More than 60 churches across the UK are sharing £584,000 from the National Churches Trust to help them carry out urgent repairs to help them stay open.

The funding will help some of the buildings such as the Grade I Listed churches of St Walburge, Preston and All Saints Brightlingsea come off Historic England's 'Heritage at Risk' register. All Saints dates from 1250 and its Tudor era tower is nearly 100ft high.

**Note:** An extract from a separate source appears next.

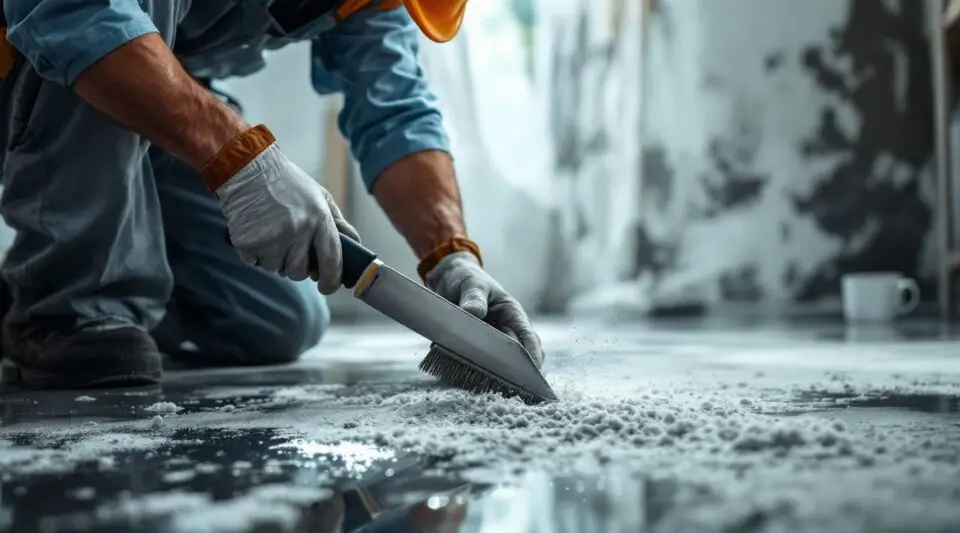 Mold Remediation Services Lancaster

It's a prominent local landmark and contains extensive features, including a Tudor font and musket-ball holes attributed to the Civil War. 

Broadcaster Huw Edwards, who is Vice President of the National Churches Trust said:

"The latest funding from the National Churches Trust is a much-needed lifeline for the UK's churches, many of which have found it hard to raise money for building projects during the Covid-19 pandemic.

"The funding will help fund urgent repairs and modern community facilities, safeguarding unique local heritage and keeping churches open and in use for the benefit of local people."

£134,000 of funding is for Wolfson Fabric Repair Grants, part of a partnership with the Wolfson Foundation to support listed churches in the UK.

Paul Ramsbottom, Chief Executive at the Wolfson Foundation, said:

"Churches play a central role in the spiritual life of a community, but they are also an integral, much loved part of our cultural heritage. We are delighted to be working in partnership with the National Churches Trust on this important programme supporting the preservation of these remarkable and wonderful buildings."

Other historic churches to benefit from the funding include Hexham Abbey which is one of the oldest surviving Christian foundations in Britain. It was built in 674 AD as a Benedictine Monastery following a gift of land to St Wilfrid by Queen Etheldreda.

St Mary's in Stoke by Nayland is the second longest church in Suffolk and the subject of several of John Constable's paintings. Funding will help the church carry out urgent roof repairs.

St Elli, Llanelli in Carmathenshire has its origins in a 5th century timber Celtic church on the same site.  In the 1770s, John Wesley, leader of the Methodist movement, regularly preached at the market cross, now situated in the churchyard. Funding will help it pay for urgently needed toilets and a kitchen.